The Maryland Commission on Human Relations says Howard County schools have taken a "head in the sand" approach to dealing with racial incidents, and claims some problems have been ignored because principals and teachers are uncomfortable dealing with them.

A 68-page draft report, released Tuesday, follows a four-month study into the schools' handling of racial, religious and ethnic intolerance. The study is the most extensive the commission has made of a school system. It was begun at the request of the county Human Rights Commission after a series of hate-bias incidents on school grounds.

The Maryland commission will discuss possible actions at its Sept. 8 meeting, said Deputy Director Henry Ford.

"The study itself is more or less advisement," he said. "There are things we can do in case [the school system doesn't] take our recommendations. I have to emphasize, to date, it has been more than cooperative with us."

/# Among the report's conclusions:

* Dozens of racial incidents in recent years have gone unreported in the schools, in part because it is assumed that students don't understand their actions and are simply repeating what they learn at home.

Principals and teachers also systematically avoid and inconsistently report incidents because they feel uncomfortable handling them.

Despite a school policy that all incidents be reported to the schools' human relations director, "few if any" have been.

* The school system offers an array of continuing education courses and seminars on multi-culturalism, but few teachers take advantage of them. As a result, some white faculty members don't know how to teach diversity and are uncomfortable discussing it in class.

* Black principals say administrators aim to match them with schools that have the most minority students, effectively limiting their job opportunities to schools in Columbia and Ellicott City. In many cases, minority teachers ask for such assignments, resulting in segregation and more race incidents in south and west county schools. The report, however, commended the schools' record in hiring and promoting minorities.

* The schools' 3-month old "rights" proposal, designed to improve the handling of hate-bias incidents, falls short by giving principals too much discretion in defining such incidents. The report recommends that principals be required to report all questionable incidents and give the schools' Human Relations Specialist the power to decide whether they are hate-motivated.

* The schools suspend a disproportionate number of black male students. The report said the reasons for this are unclear, but noted that explanations given by administrators included racial insensitivity, socio-economic problems and "the belief that black parents may teach their children that it is OK to hit back when someone else hits first."

The report recommends suspending students involved in hate-bias incidents on the first offense, requiring teachers to take classes in how to teach multi-culturalism, and evaluating teachers on their ability to teach it.

Superintendent Michael E. Hickey was unavailable for comment

on the report. "It's only a draft and we feel it's premature to comment," said schools spokeswoman Patti Caplan.
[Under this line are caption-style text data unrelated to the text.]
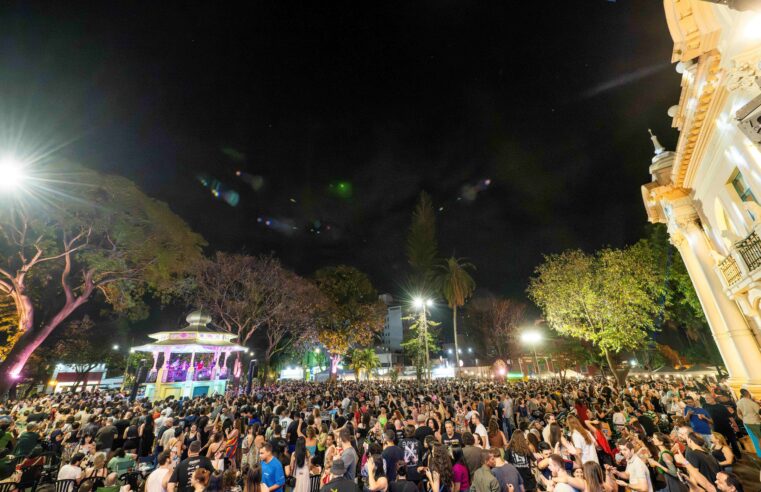 Fundinho Festival celebra centenário do Coreto Municipal e atrai oito mil pessoas em Uberlândia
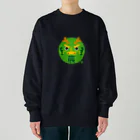 Atelier Pomme verte の竜の顔 Heavyweight Crew Neck Sweatshirt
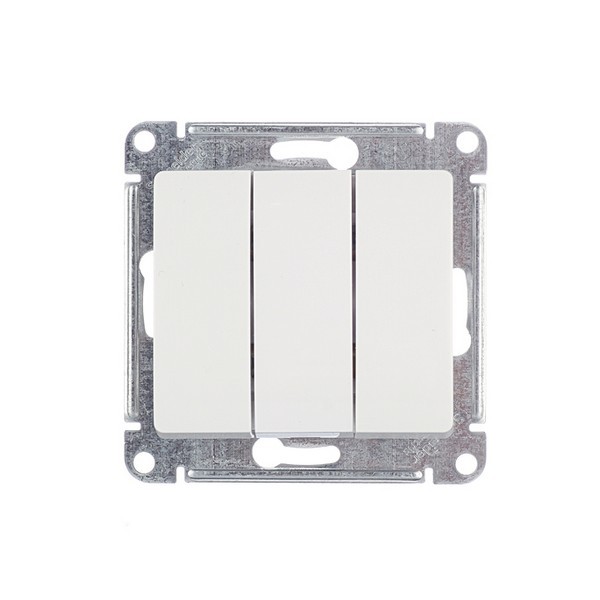 Выключатель Schneider Electric Glossa GSL000131 трехклавишный скрытая установка белый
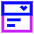 Drop Down List Icon from Sharp Neon Set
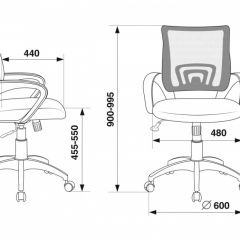 Кресло Бюрократ CH-695N/R/TW-11 красный TW-35N черный TW-11 в Лысьве - lysva.mebel24.online | фото 3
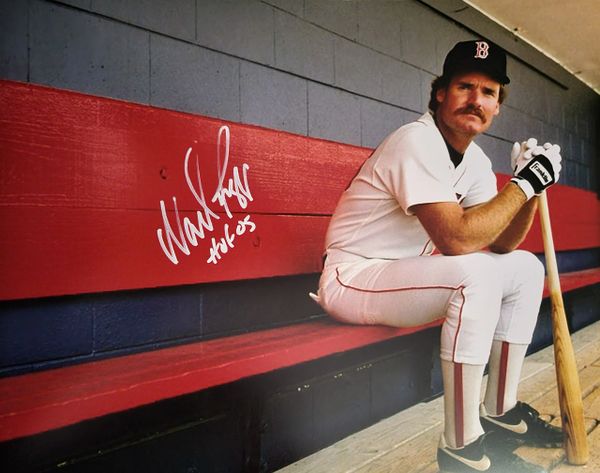 Wade Boggs autogra 11x14, Boston Red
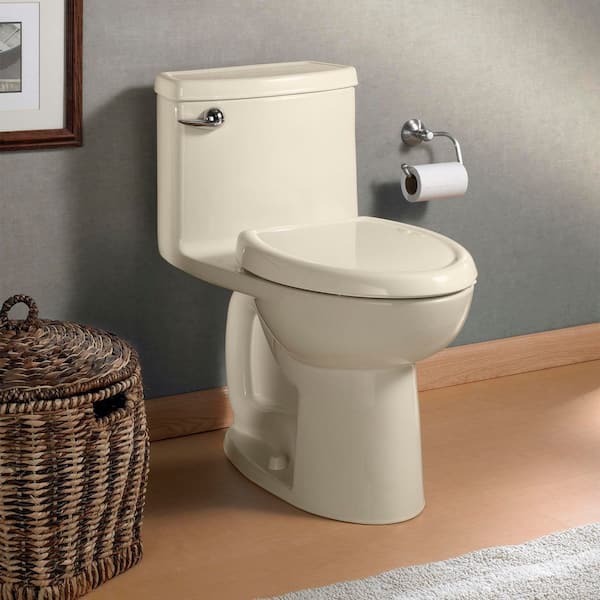 Compact Cadet 3 FloWise Tall Height 1-Piece 1.28 GPF Single Flush Elongated Toilet in Bone, Seat Included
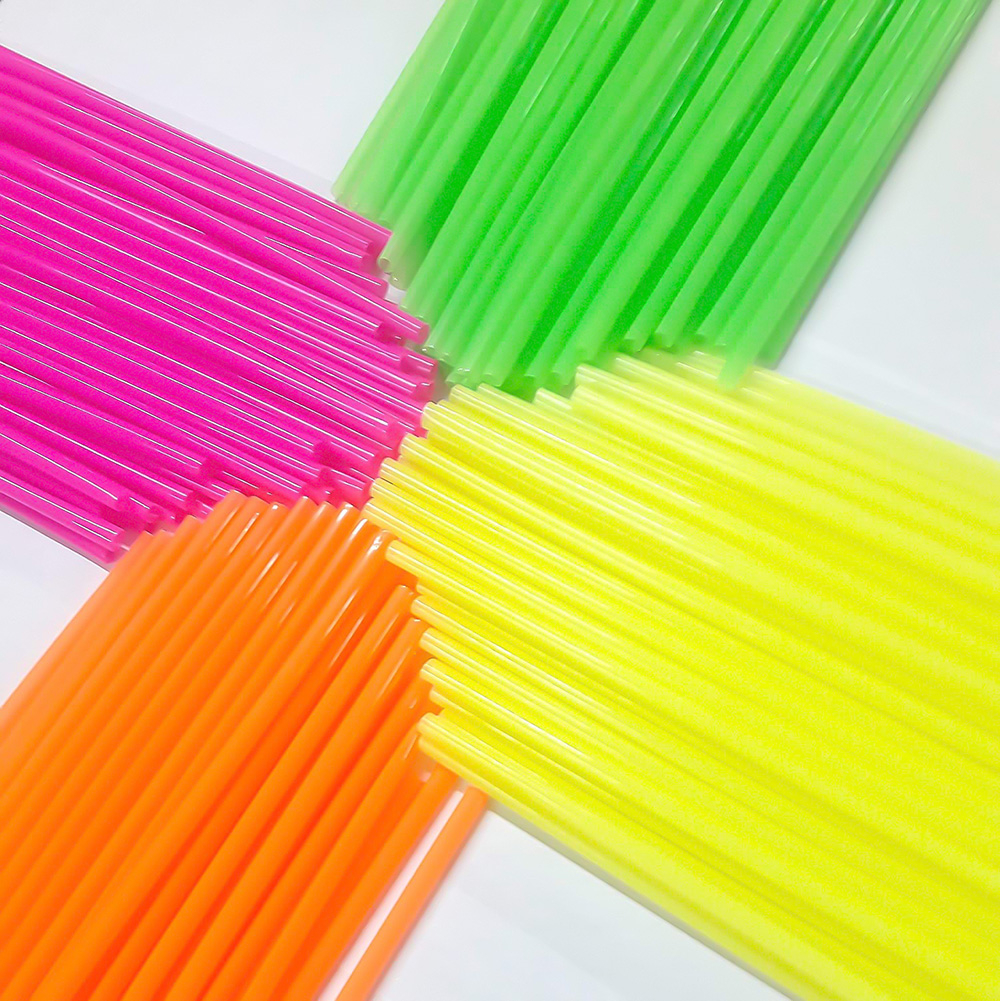 100Pcs Plastic Disposable Straws Colorful Milktea Drinking Straws Party Birthday Celebration Supplies Kitchenware Accessories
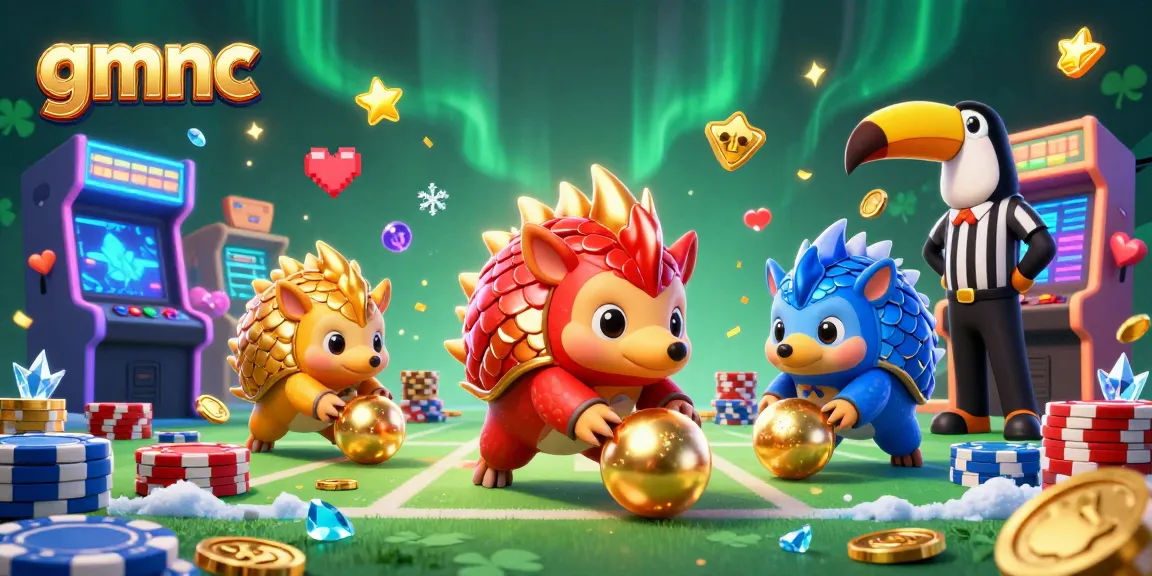Engage with gmnc's exciting casino experience featuring pangolins in battle amidst poker chips.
School board chairwoman Deborah Kendig said the school system has come up with its own list of recommendations, including mandatory courses in sensitivity training for school board members and administrators. "I think we're ahead of them," Ms. Kendig said. "I think the school system has recognized what the school system needs to do."

If not, the commission has a number of enforcement procedures, ranging from a formal complaint process that includes a hearing before an administrative law judge to subpoena powers and public hearings.
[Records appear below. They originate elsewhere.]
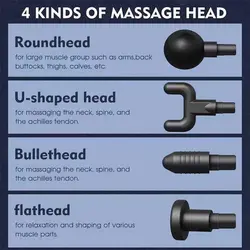 ماساژور تفنگی شارژی Blueidea مدل BLD-740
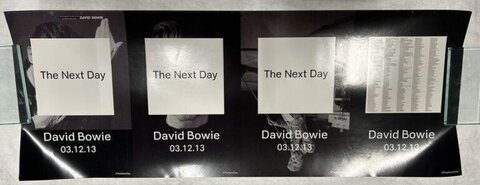 David Bowie The Next Day Promo Posters
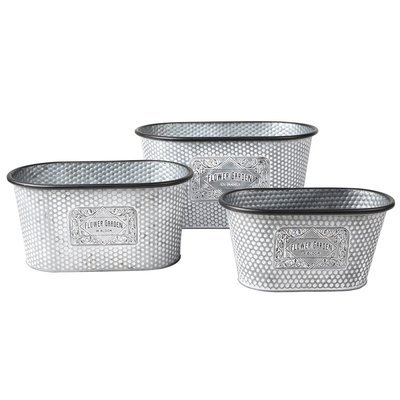Lot de 3 jardinières métal Bloom DECORATIE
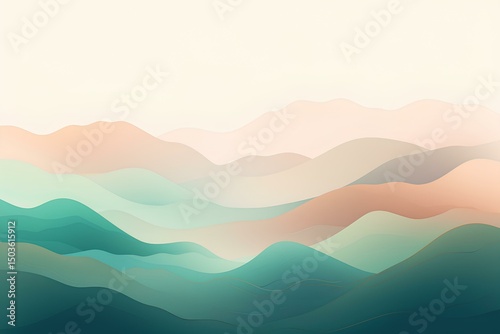 landscape with mountains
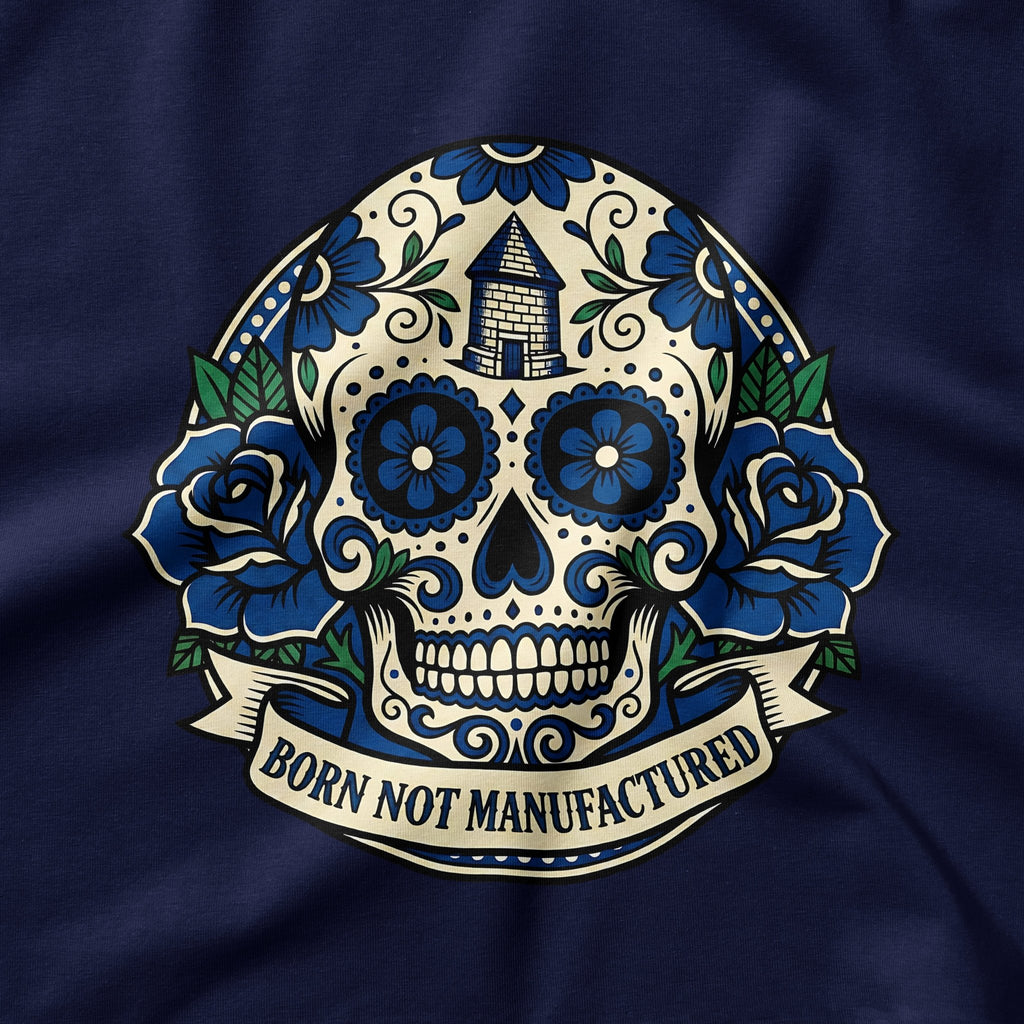Born Not Manufactured T-Shirt - Forever Everton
"I don't think Howard County is the worst," said Mr. Ford, who has investigated school systems accused of not hiring or promoting minority teachers. He said he believes most school districts have similar weaknesses.

However, he added, incidents would have continued and increased if the commission had not intervened.

"If we hadn't stepped in, incidents would continue to escalate," Mr. Ford said. "There seemed to be a general escalation of hate crimes in Howard County during the winter of 1991-92.

"This sort of report puts people on notice that we're not going to stand idly by and let things happen. Hopefully this will sensitize people to the problem."

County Human Rights Commission member Roger Jones, who asked the state to initiate the study, said the county must now look to solutions.

"I'm just glad that the issues and concerns I had bore some fruit and that the commission was diligent in their study," Mr. Jones said.

"Now what we have to deal with is, what are we going to do about it?"

Since 1989, at least 16 racial incidents have been documented at schools by police, school officials, parents and the Coalition Opposed to Violence and Extremism.

Several involved assaults. Last winter, a male student on a school bus sprayed disinfectant on a black female from Glenwood Middle School. In January, a parent complained that her young son had been punched and subjected to racial slurs at West Friendship Elementary School.

The incidents also include vandalism involving the painting of slurs and swastikas on school property.